• _WORKING DATA_:
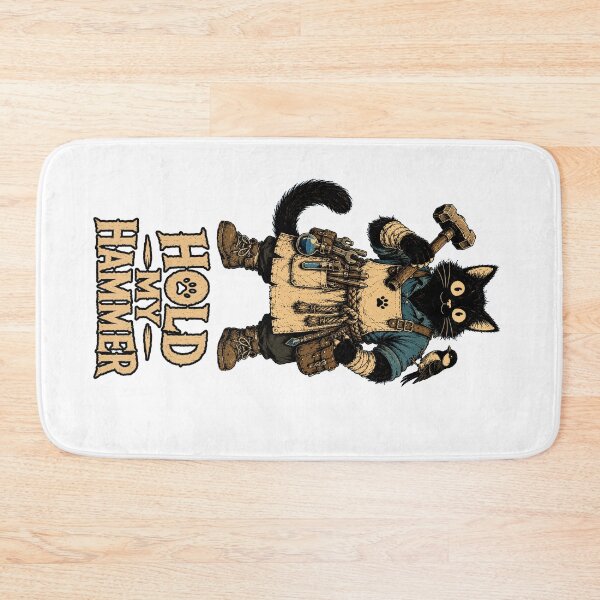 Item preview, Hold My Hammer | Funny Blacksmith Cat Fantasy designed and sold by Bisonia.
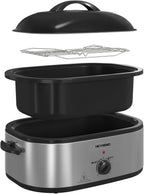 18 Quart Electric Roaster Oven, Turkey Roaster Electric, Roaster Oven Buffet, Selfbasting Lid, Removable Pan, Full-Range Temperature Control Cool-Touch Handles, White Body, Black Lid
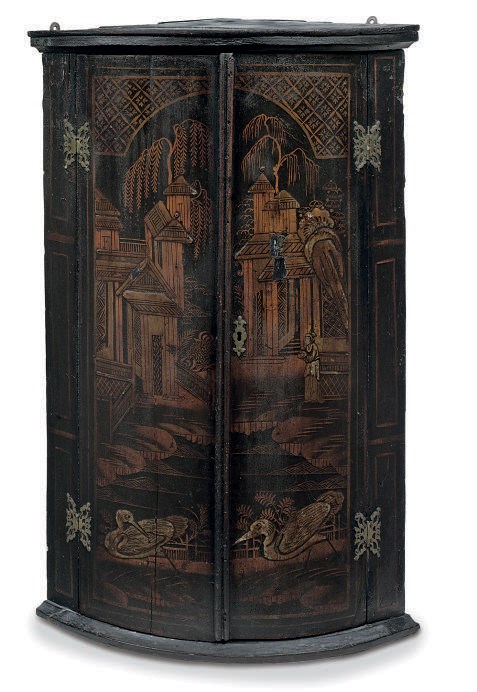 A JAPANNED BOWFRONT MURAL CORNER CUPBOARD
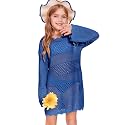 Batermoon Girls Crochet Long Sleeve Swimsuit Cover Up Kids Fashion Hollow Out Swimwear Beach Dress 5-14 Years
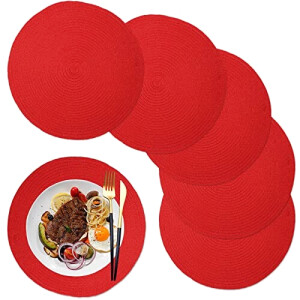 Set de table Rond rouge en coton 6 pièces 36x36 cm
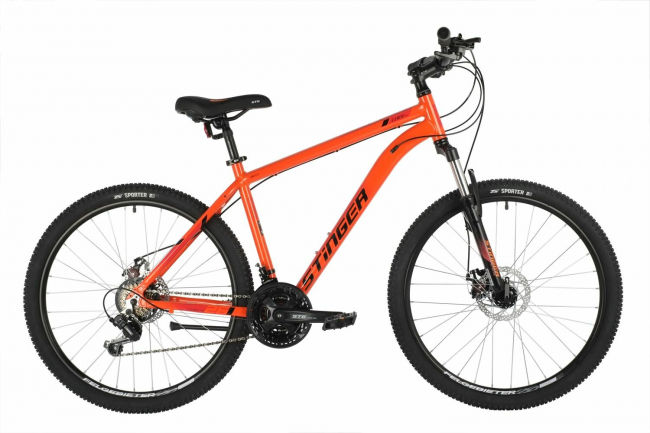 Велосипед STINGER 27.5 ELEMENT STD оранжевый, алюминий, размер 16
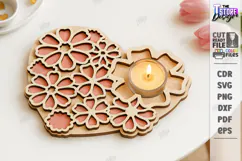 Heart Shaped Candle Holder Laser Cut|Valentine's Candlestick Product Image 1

• _WHAT IS NEEDED_: All lines from the one holding "Велосипед STINGER 27.5" to the end of the listing above need to be duplicated exactly. None of the pictures should be included.

• _REPLY_:
 Велосипед STINGER 27.5 ELEMENT STD оранжевый, алюминий, размер 16
 Heart Shaped Candle Holder Laser Cut|Valentine's Candlestick Product Image 1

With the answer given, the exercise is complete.